How I Ended Up Staying at a Trailer Park in Rome
There’s an elephant in the room, literally. OK, maybe not literally, but our neighbor was either stomping around the room with the righteous anger of 1000 men, or weighed well over 500 lbs. “Time to leave Italy buddy, you’ve eaten enough pasta,” I wanted to yell at him each time our trailer shook.
Yes, trailer. What dire turn of events could have led me here, to a trailer park in Rome, sleeping next door to an elephant? How did I get here?
Well getting there wasn’t easy. Earlier that same day, the sweat had been dripping down our faces and backs, the sun had been unforgiving, and blisters were forming on my hand from schlepping around my luggage. I needed water, AC, and a bed.
I cursed 12-hours-ago-Anna who had decided to wear jeans. It was cold when we’d left Madrid at 3 am. How was she supposed to know that Rome would be hotter than the sun?

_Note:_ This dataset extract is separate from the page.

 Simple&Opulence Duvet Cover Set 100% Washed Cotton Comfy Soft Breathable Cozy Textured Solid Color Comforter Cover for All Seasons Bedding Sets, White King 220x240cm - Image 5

I looked down at the instructions our travel agent had given us for getting to the hostel and looked around for Bus 78. It didn’t exist. Even my New York City upbringing hadn’t prepared me for crossing the street in Rome. Rules–there are no rules! We made it to the other side of the street, narrowly avoiding getting hit by a smart car that I could have just swatted out of the way had it come too close.
I opened Rick Steves’ Europe guidebook and read: “The chaos of Rome and its traffic may make you think that Mussolini was a necessary evil.” Yes, Rick Steves. Yes. He must have also tried to find Bus 78.
Even my New York City upbringing hadn’t prepared me for crossing the street in Rome. Rules–there are no rules!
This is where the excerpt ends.